Some elementary statisticsDecember 8, 2008 3:14 PM   Subscribe

Elementary statistics. Is it a significant delta?

Let's say you are the president of a national fast food chain. You ask all store managers to try a test.

50% of the time, customers will be greeted "Welcome" instead of "Hello." Each cashier will alternate back and forth, customer by customer, making no logical choice about when to use either greeting, just distributing them 50/50.

At the end of the week, the results are in. You need to report the findings, but you're not sure if they are statistically significant.

10 million customers were served.
5 million heard "Welcome."
5 million heard "Hello."

Average purchase of customers who heard "welcome:" \$5.02
Average purchase of customers who heard "hello:" \$5.10

Number of "Welcome" customers who ordered an Apple Pie: 198,400
Number of "Hello" customers who ordered and Apple Pie: 200,345

Does "Hello" really raise average purchase size?
Does "Welcome" actually discourage buying an Apple Pie?

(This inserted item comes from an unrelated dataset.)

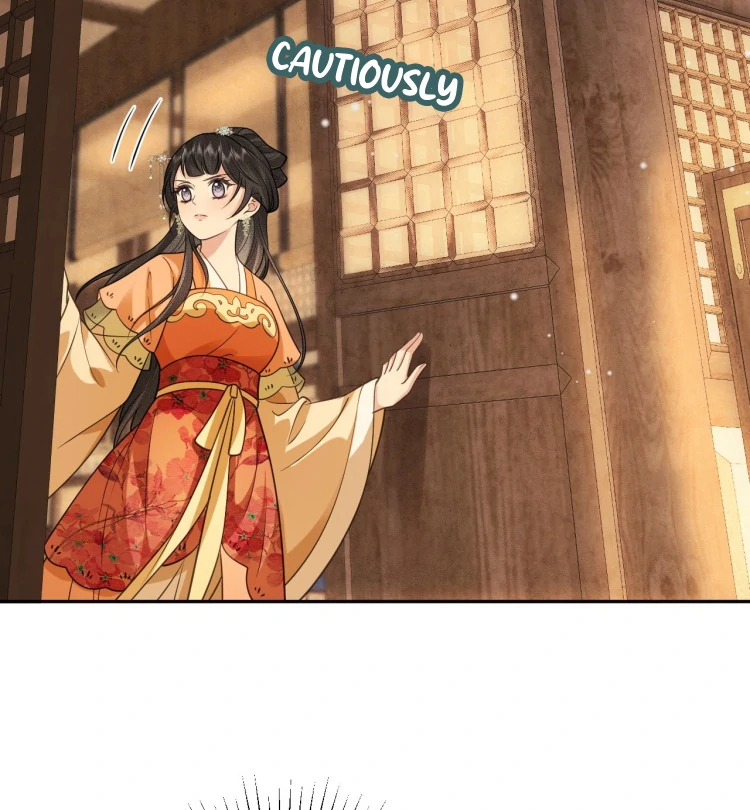 I’d Rather Marry a Memorial Tablet Than Serve as a Concubine Chapter 13 - Page 37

I'm not sure if this question has to do with sample size or not, because for the duration of this test, the sample size was 100%. Every customer who came into the chain was included in the experiment.

I guess my questions are:

Is 8 cents out of \$5.10 a statistically significant change, among a sample of 10 million people?

Is another 1945 pies significant?

What is your test's margin of error / confidence?

Could you have run this only at a few stores and gotten just as solid results? How big a sample did you actually need?

Bottom line: Should your chain do anything based on these results?

I need some basic formulas for evaluating data like these.
I am not great with math, nor familiar with statistics. I don't know what a sigma, standard deviation, or T-test is (although I have heard the terms). I got Cs in Algebra and Calculus. I am bad at Poker.

Hope me!
posted by scarabic to Science & Nature (15 answers total) 1 user marked this as a favorite

You need the standard deviation of the purchase amounts.
posted by If only I had a penguin... at 3:42 PM on December 8, 2008

It's impossible to be sure about statistical significance without the sample standard deviation of money spent (or pies bought) for both subgroups. The appropriate test would be a two-sample t-test. However, to answer a couple of your questions:

Is 8 cents out of \$5.10 a statistically significant change, among a sample of 10 million people?

Almost certainly. Statistical significance is based on the standard error, a quantity which contains sample size in the denominator. With a sample size as large as 10 million even a trivial difference will tend to be statistically significant.

Bottom line: Should your chain do anything based on these results?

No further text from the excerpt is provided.